At my barn it is the owner's responsibility to blanket/unblanket. That being said, it is nearly impossible for me to get out there everyday. I put Dancer's blanket on the first time but my BO will take it off and put it back on as she deems necessary. I'm totally fine with this. Also, from what I've been reading (I'm a new horse owner) Dancer will not freeze his butt off if he does not get blanketed, its just a luxury he has. Usually for our area the lowest we get down to is the maybe the teens. However, this has been a cold winter for us so far and a couple of times we've had horrific winter weather for this area.


----------



## Lonannuniel (Jun 13, 2008)

my stables offers blanketing services for 1 blanket only - any extra blankets are 1 $ each day it is in use. 
so, in the summer, if you want the workers to put a rain sheet one in rainy weather, and a fly sheet on when it's nice, one of those blankets will cost you each time it is in use.

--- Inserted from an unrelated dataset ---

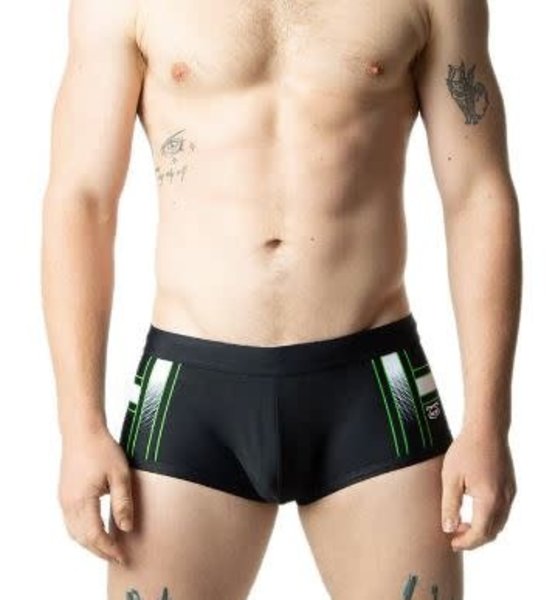 NASTY PIG NASTY PIG OFF THE GRID SQUARE CUT BLACK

Also, extras cost a dollar a day, if you want your horse to have a shoulder guard under the blanket, its an extra dollar.


----------



## fuadteagan (Jun 10, 2010)

we have it included our barn is amazing
we have no rules 
my barn is amazing i love it every day they get the horses blankets on at night cause it is chilly in the barn in the morning they turn them out , they bring in any horses that need to be for lunch then they bring some in for like other reasons and stuff then they bring them in at night , all included plus the customize alot of stuff they have lots of stuff they do for the feed like electroylights at least like 20 different types


----------